> Dear all,
> I have been facing the following learning/optimization problem:
> Consider a vector of observed data y = {y1,y2,...yn}, which is assumed to
> be generated by a model p(y|v), where v is a parameter vector.
> Now, assume that we do not have a deterministic expression for the above
> model, but we have a computational method that generates synthetic data x
> ={x1,x2,...xn} given a parameter vector v'.
> The aim is to find the parameter vector v' that is closest to the real one
> v so that both x and y have the same distribution, given our limitation
> that we can only work on comparisons between the real data and the
> synthetic data generated by our computational model.
> Could you please give me some hint on which kind of optimization/learning
> algorithms should I study to find out an update rule for the parameter
> vector v'?
> To make things clearer I have the Matlab script below considering observed
> data coming from a mixture of 3 equal-variance Gaussians, but each of them
> having a different contribution in the observed data.
> We know the model for the data and we know the centers of the Gaussians,
> but we would like to estimate their contributions.

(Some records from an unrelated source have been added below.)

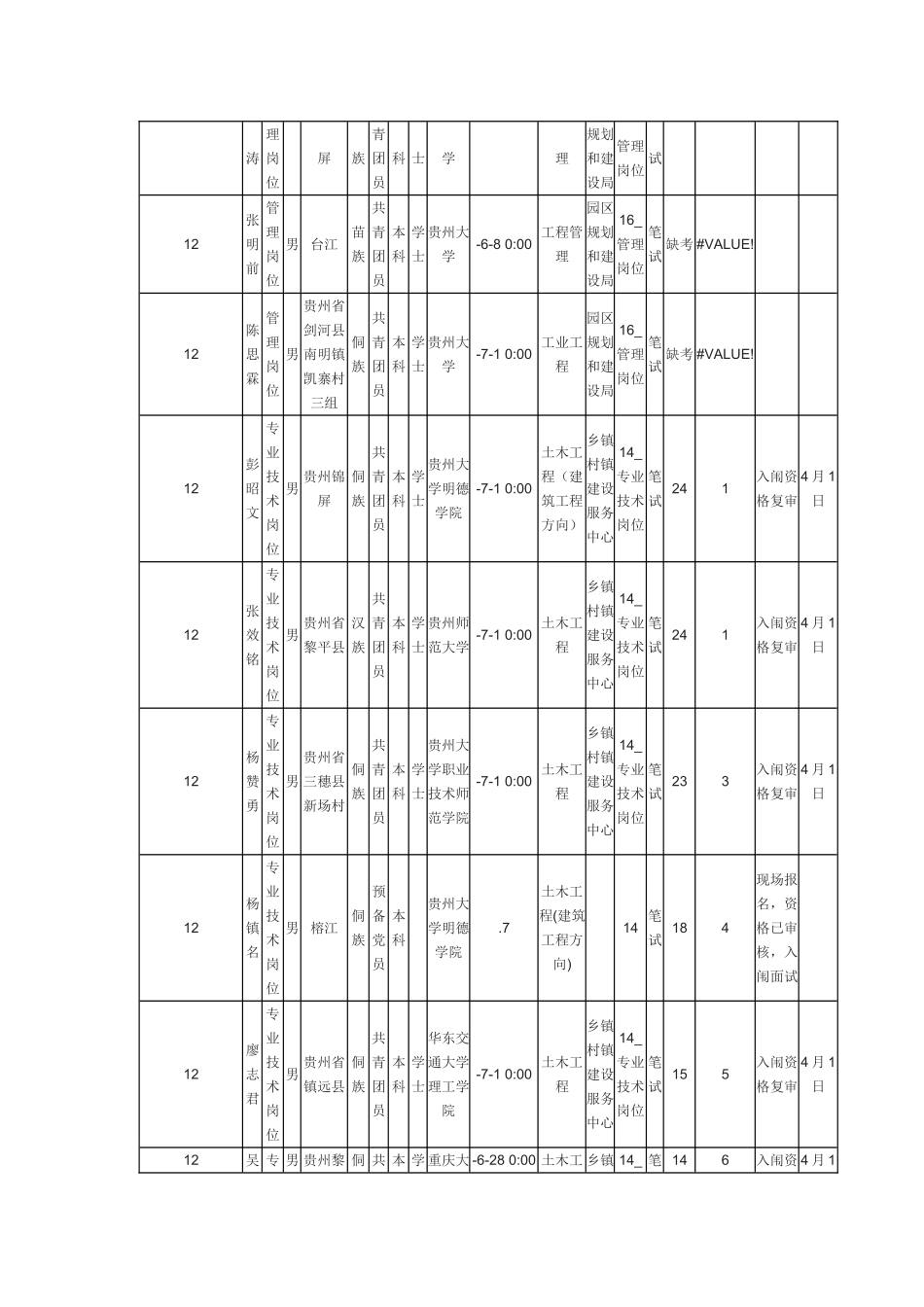 2025年引进急需紧缺人才和高层次人才笔试成绩及入闱资格复_第2页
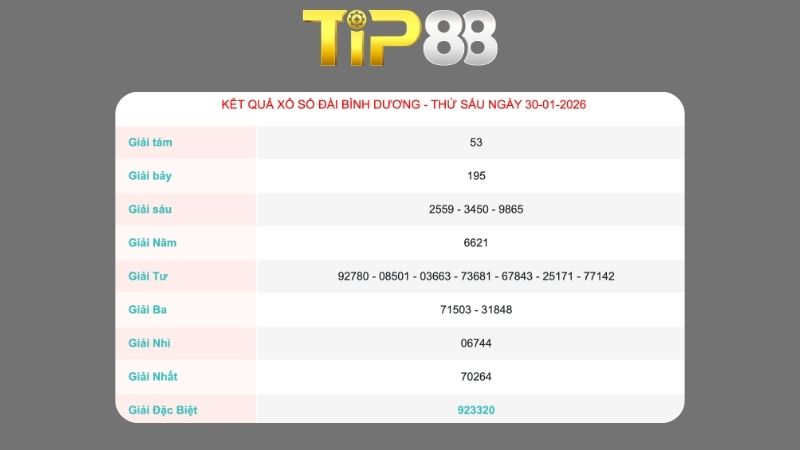 Kết quả xổ số Bình Dương ngày 30/01/2026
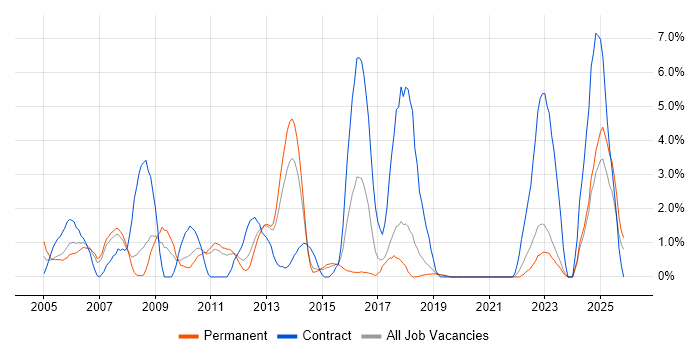Shell Script job vacancy trend in Solihull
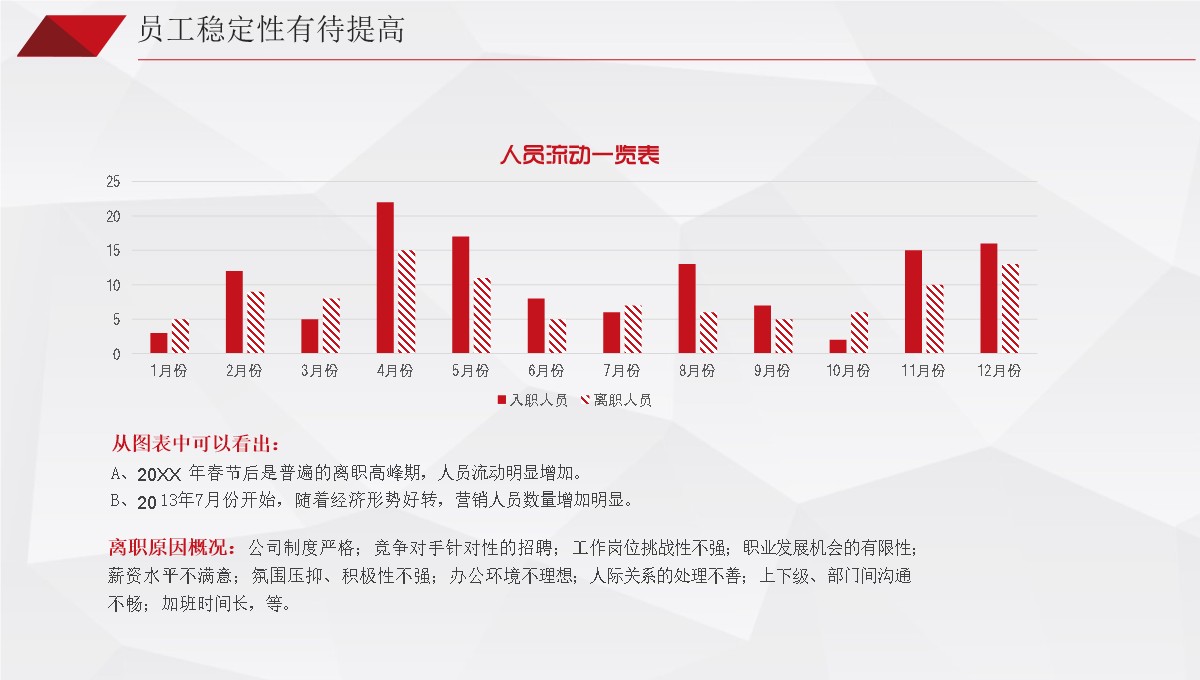 人力资源管理改进与发展工作总结PPT模板_10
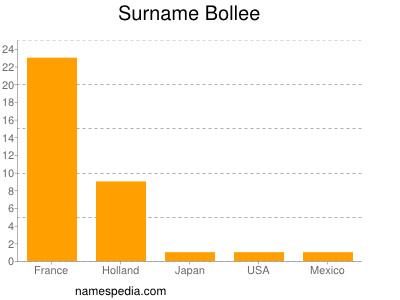 Familiennamen Bollee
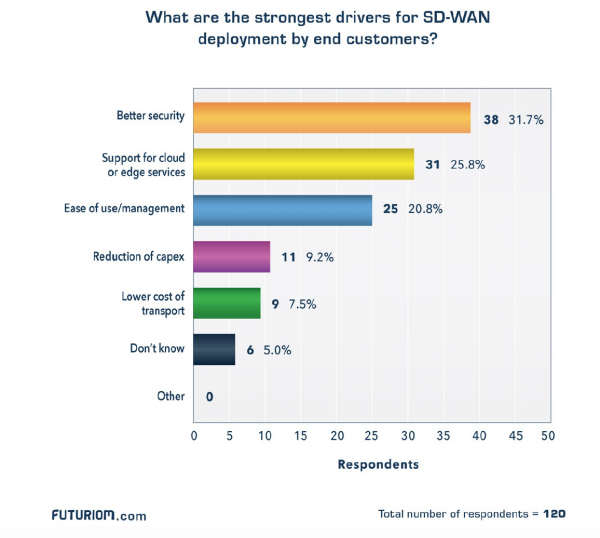 SD WAN Drivers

To this end, we first
> generate synthetic data coming from 3 Gaussians, and we compare the
> resulting distribution with the observed one.
> To update the estimated contributions, we add the error between the real
> distribution and the generated one at the Gaussians centers, and it seems
> to work!.
> The problem is that I do not have clear why this is working and which
> method I am (unconsciently) using to make this work.
> Thank you!
> Maco
> %-------- MATLAB SCRIPT -----
> %Total number of samples
> N = 1000000;
> %Model parameters
> center = [-2; -1; -0.0];
> contrib = [0.45; 0.35; 0.2];
> %Generate observed data as a mixture of three Gaussians
> d1 = sqrt(0.1)*randn(contrib(1)*N,1)+center(1);
> d2 = sqrt(0.1)*randn(contrib(2)*N,1)+center(2);
> d3 = sqrt(0.1)*randn(contrib(3)*N,1)+center(3);
> d_t = [d1;d2;d3];
> %Plot observed data distribution
> y = -4:0.1:4; %histogram bins
> p_y = hist(d_t,y);
> scale = sum(p_y*(y(2)-y(1)));
> p_y = p_y./scale;
> plot(y,p_y,'r');
> %Now, we want to estimate the contributions from each gaussian. We assume
> %now that we know in advance the centers of the gaussians, corresponding
> %to histogram bins c1, c2 and c3:
> c1 = find(abs(y-center(1))==min(abs(y-center(1))));
> c2 = find(abs(y-center(2))==min(abs(y-center(2))));
> c3 = find(abs(y-center(3))==min(abs(y-center(3))));
> %First, we initialize our estimated contributions
> cont_est = [1/3; 1/3; 1/3];
> n_iter = 10;
> for n=1:n_iter
> %Generate synthetic data from current parameters
> d1_s = sqrt(0.1)*randn(round(cont_est(1)*N),1)+center(1);
> d2_s = sqrt(0.1)*randn(round(cont_est(2)*N),1)+center(2);
> d3_s = sqrt(0.1)*randn(round(cont_est(3)*N),1)+center(3);
> d_s = [d1_s; d2_s; d3_s];
> %Plot and compare current the distributions of the current synthetic
> %data and the observed data
> p_x = hist(d_s,y);
> scale = sum(p_x*(y(2)-y(1)))
> p_x = p_x./scale;
> plot(y,p_x), hold on, plot(y,p_y,'r');
> %Get amplitudes of the real distribution and the synthetic
> distribution
> %at the centers of the 3 distributions
> amp_x = [p_x(c1); p_x(c2); p_x(c3)];
> amp_y = [p_y(c1); p_y(c2); p_y(c3)];
> %Update estimated contributions with the error between normalized
> %amplitudes
> cont_est = cont_est + (amp_y./sum(amp_y) - amp_x./sum(amp_x));
> pause
> close
> end